*Materials provided:*
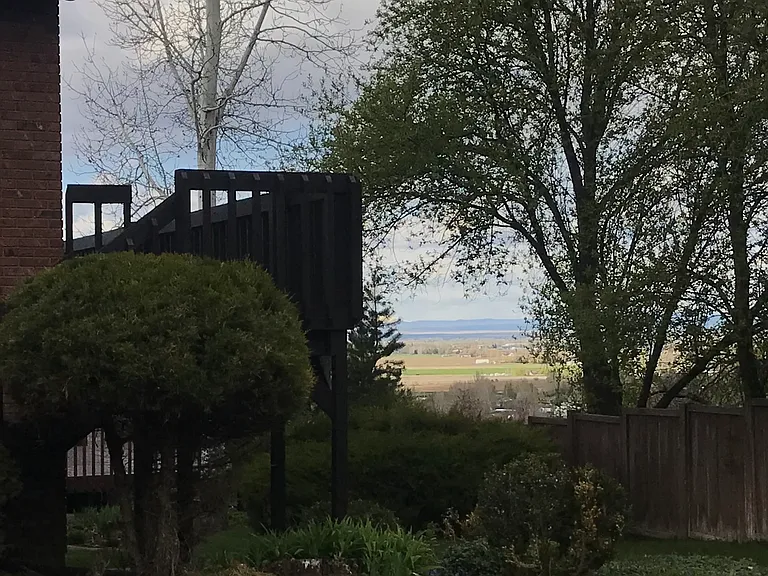back yard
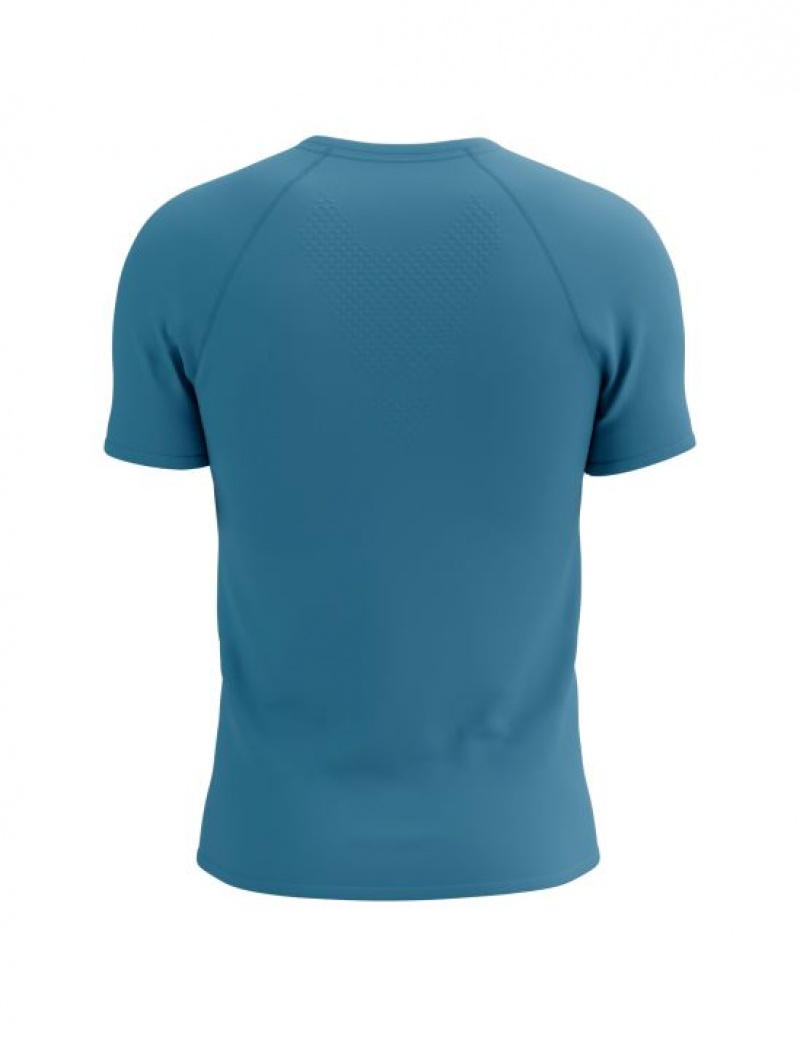 Camiseta Compressport Treino SS Logo Tshirt M Masculino Azuis | 51482PBXU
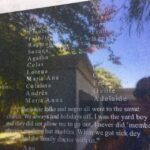 From New Orleans: Whitney and Laura Guided Plantation Tour - A Deep Dive into the Experience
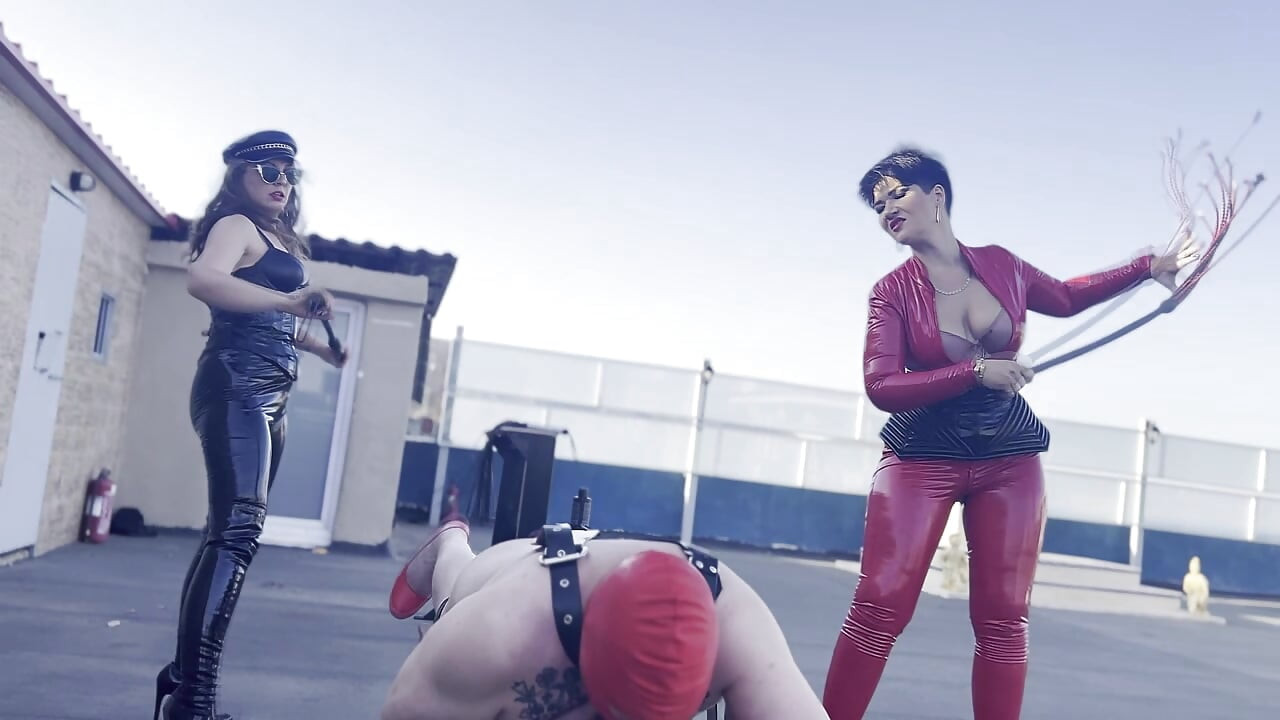 400 rzęs dla powściągliwej maminsynek suki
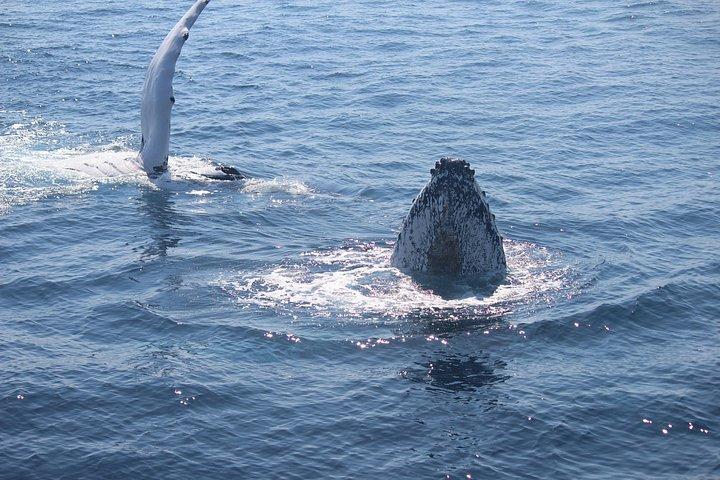 Whale Watching Cruise från Mooloolaba
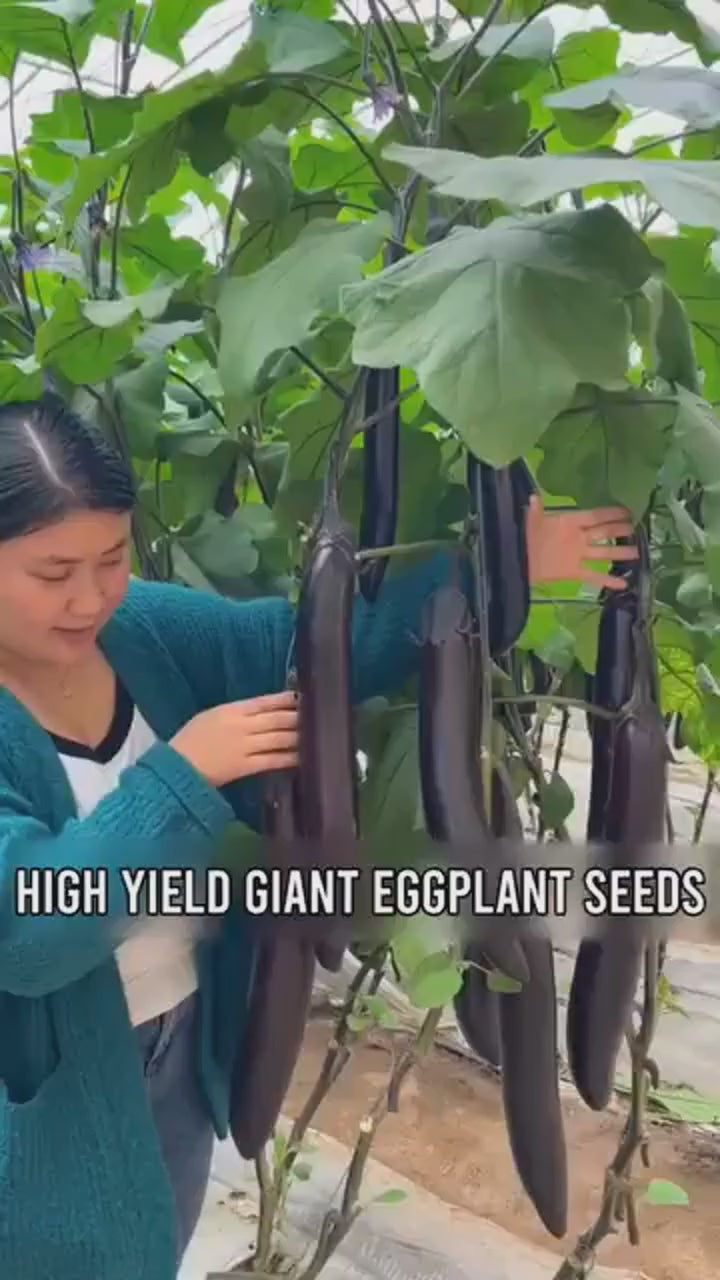 Giant Eggplant Seeds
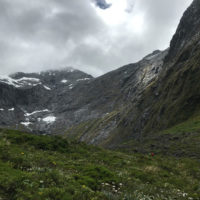 152_Neuseeland_11_Fjordland037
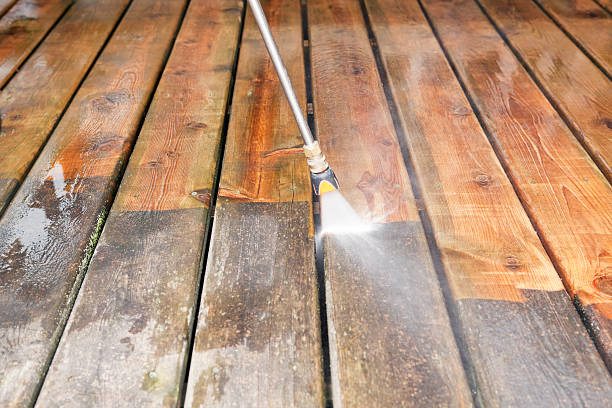 Best Local Pressure Washing Services  in Memphis, FL
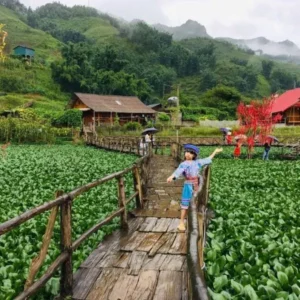 Hai Phong To Sapa Private Car - Culture Pham Travel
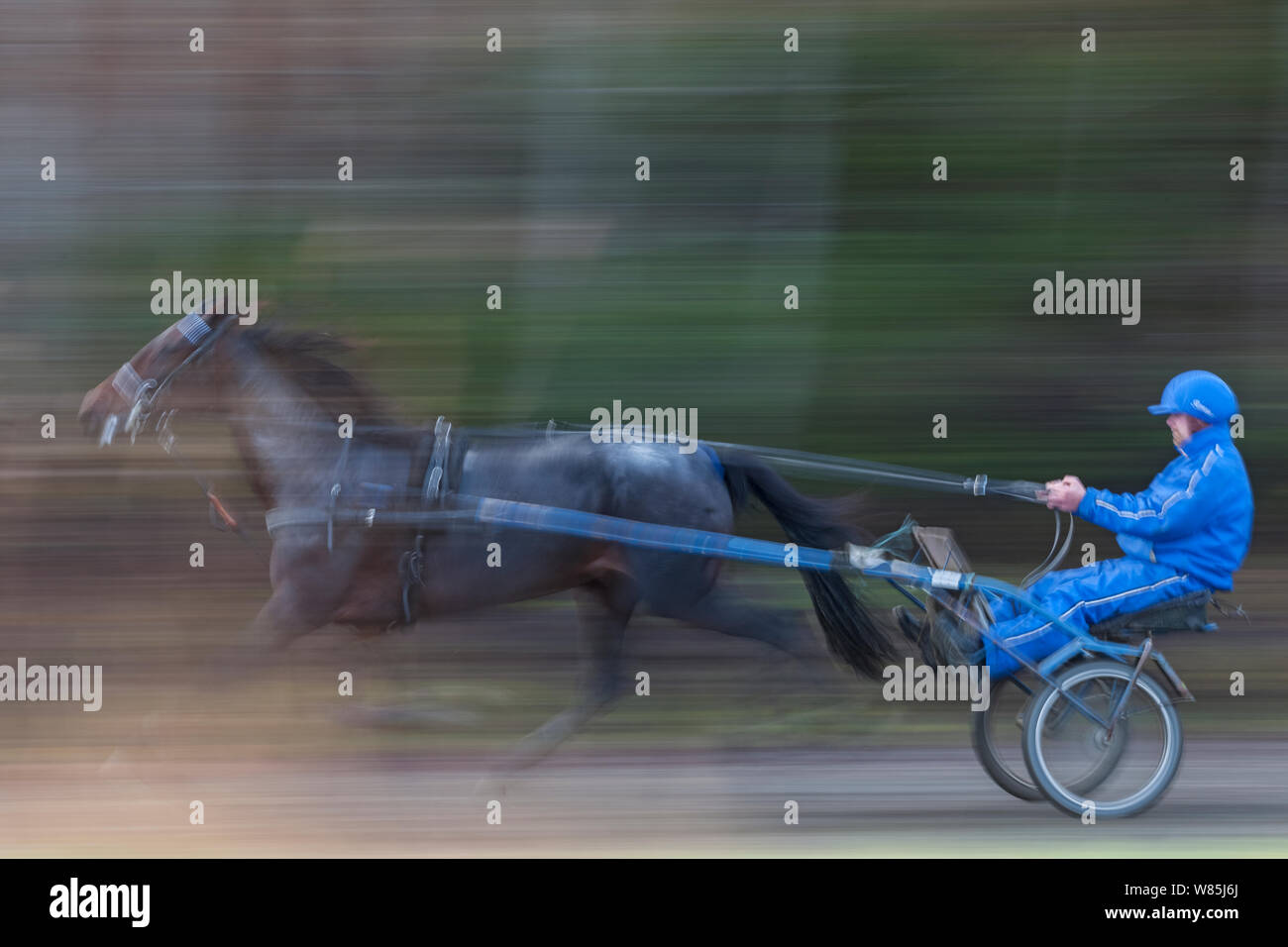 L uomo cavallo di formazione sulla pista di trotto. Klaebu, Sor-Trondelag, Norvegia. Ottobre 2013. Foto Stock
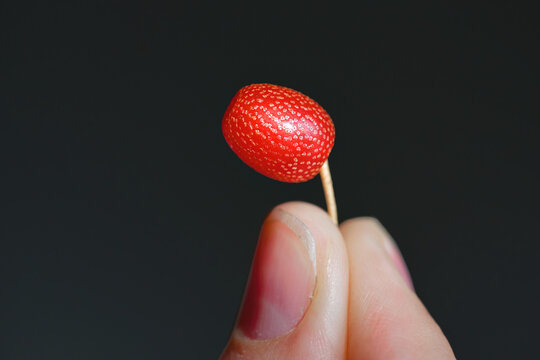 Goumi berry. Freshly harvested red gumi berry with white dots against dark bokeh background. Person holding tiny red berry with silver spots. Selective focus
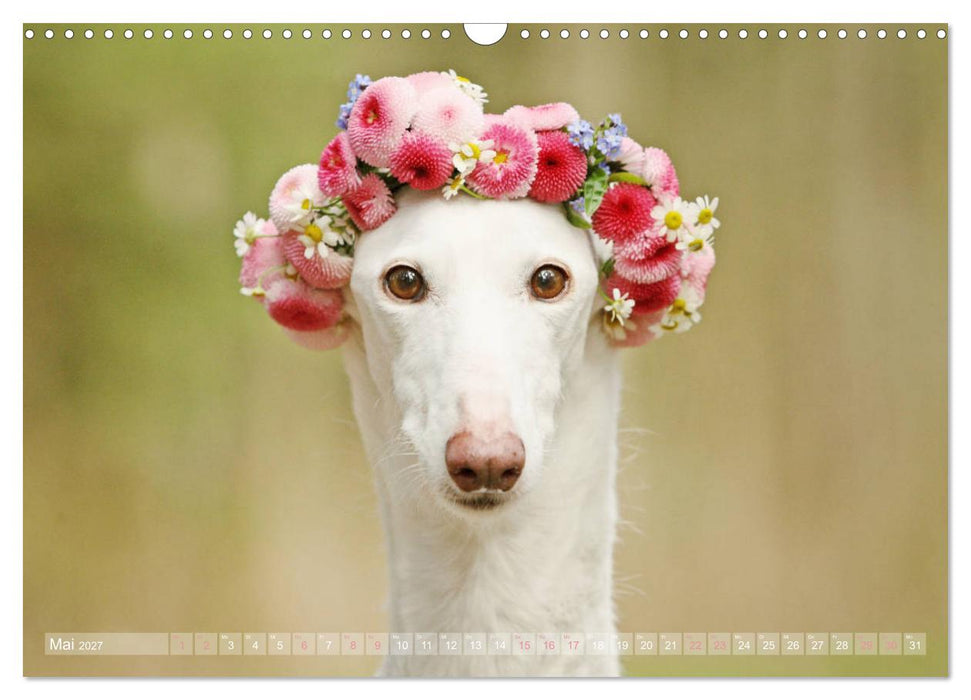 Zauberhafte Windhunde (CALVENDO Wandkalender 2027)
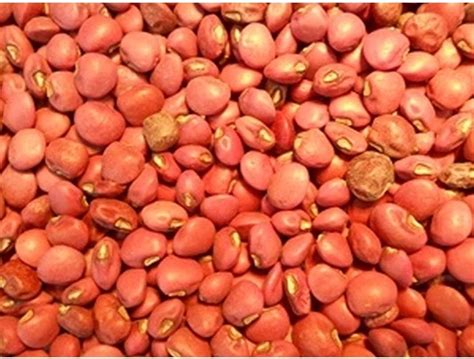 Amazon Red Ripper Cowpeas A Good Flavored Table Pea With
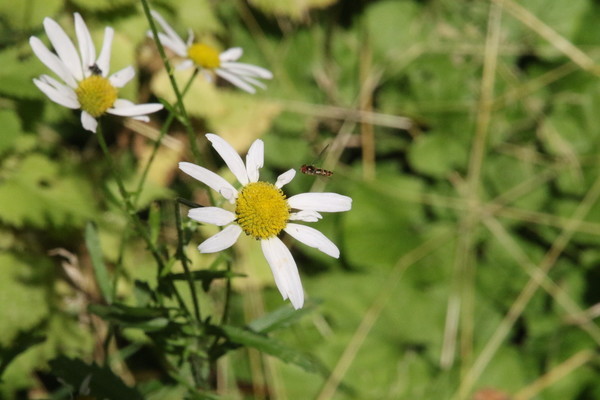 photo of Scentless Mayweed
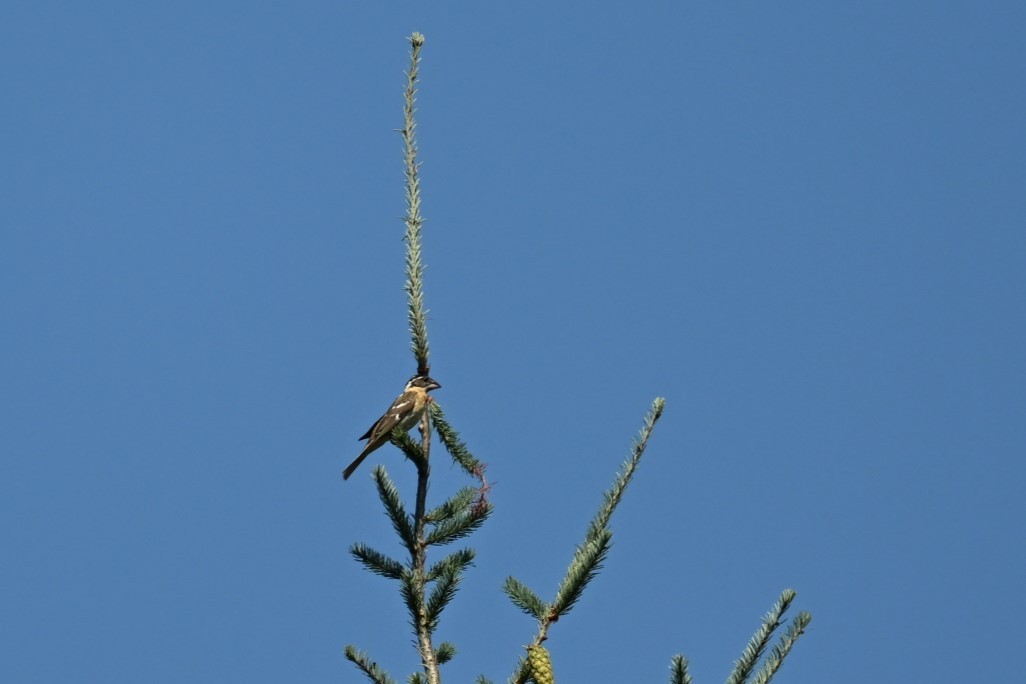 Black-headed Grosbeak - ML621853886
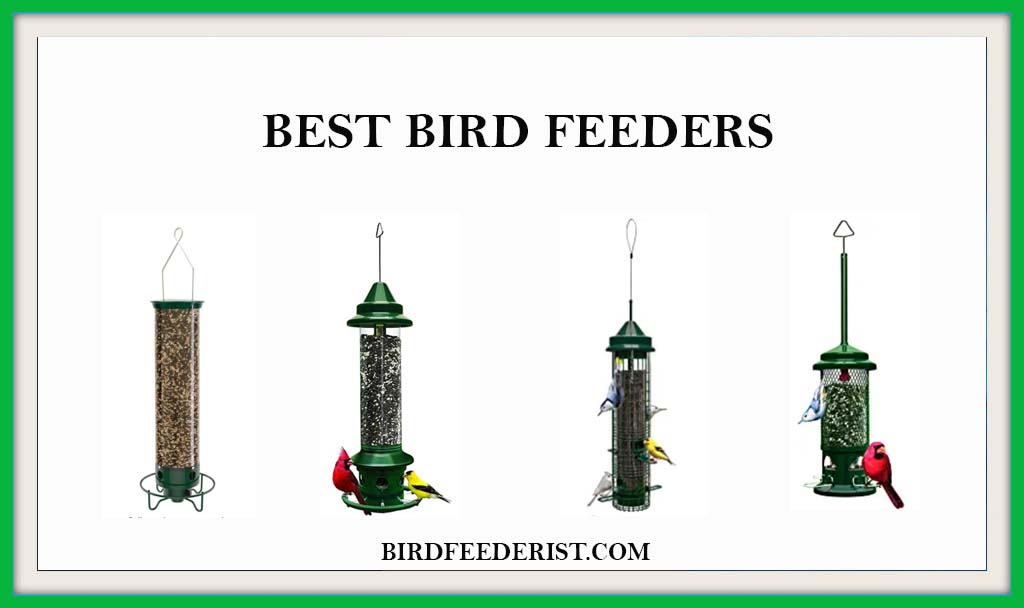 Best Bird Feeders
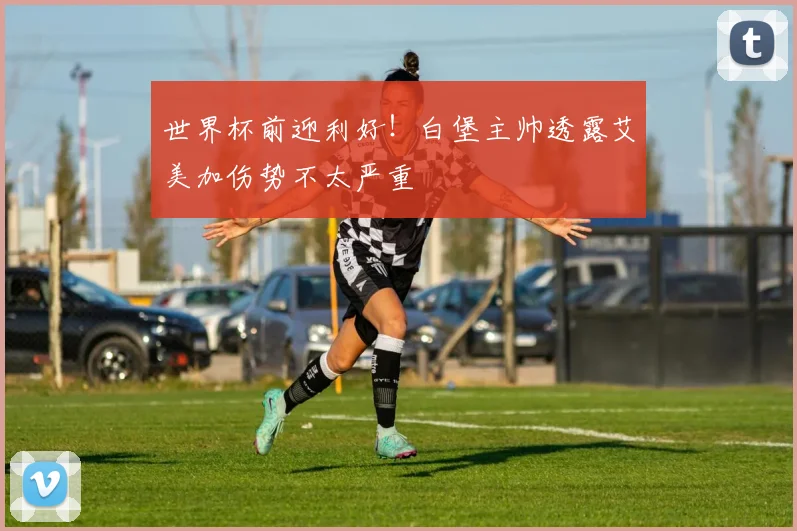 世界杯前迎利好!白堡主帅透露艾美加伤势不太严重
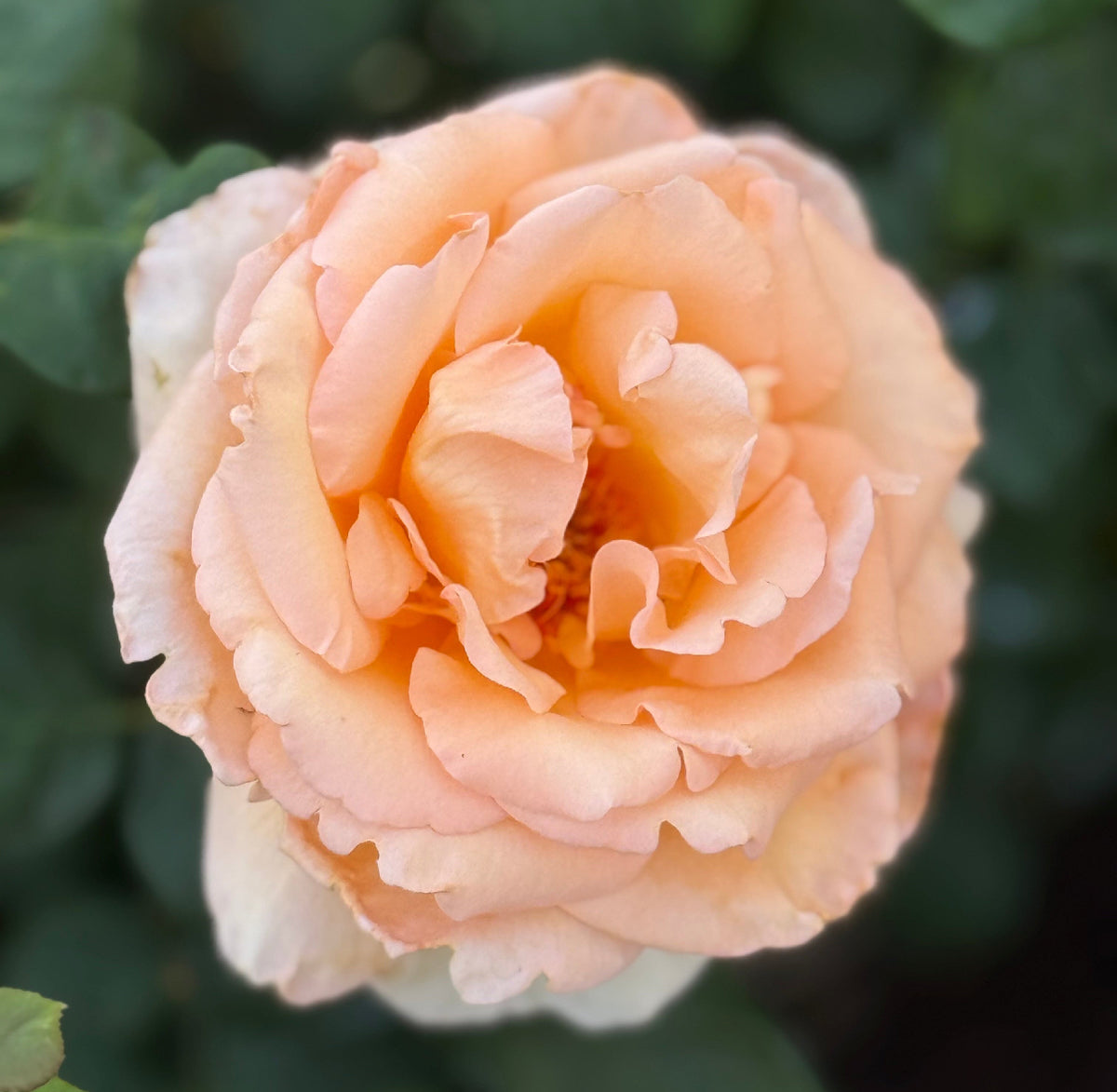 Over The Moon ™ Potted Tree Rose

*Problem requirements:* Could you print the listing above exactly, without the pictures?

*Task output:*
back yard
 Camiseta Compressport Treino SS Logo Tshirt M Masculino Azuis | 51482PBXU
 From New Orleans: Whitney and Laura Guided Plantation Tour - A Deep Dive into the Experience
 400 rzęs dla powściągliwej maminsynek suki
 Whale Watching Cruise från Mooloolaba
 Giant Eggplant Seeds
 152_Neuseeland_11_Fjordland037
 Best Local Pressure Washing Services  in Memphis, FL
 Hai Phong To Sapa Private Car - Culture Pham Travel
 L uomo cavallo di formazione sulla pista di trotto. Klaebu, Sor-Trondelag, Norvegia. Ottobre 2013. Foto Stock
 Goumi berry. Freshly harvested red gumi berry with white dots against dark bokeh background. Person holding tiny red berry with silver spots. Selective focus
 Zauberhafte Windhunde (CALVENDO Wandkalender 2027)
 Amazon Red Ripper Cowpeas A Good Flavored Table Pea With
 photo of Scentless Mayweed
 Black-headed Grosbeak - ML621853886
 Best Bird Feeders
 世界杯前迎利好!白堡主帅透露艾美加伤势不太严重
 Over The Moon ™ Potted Tree Rose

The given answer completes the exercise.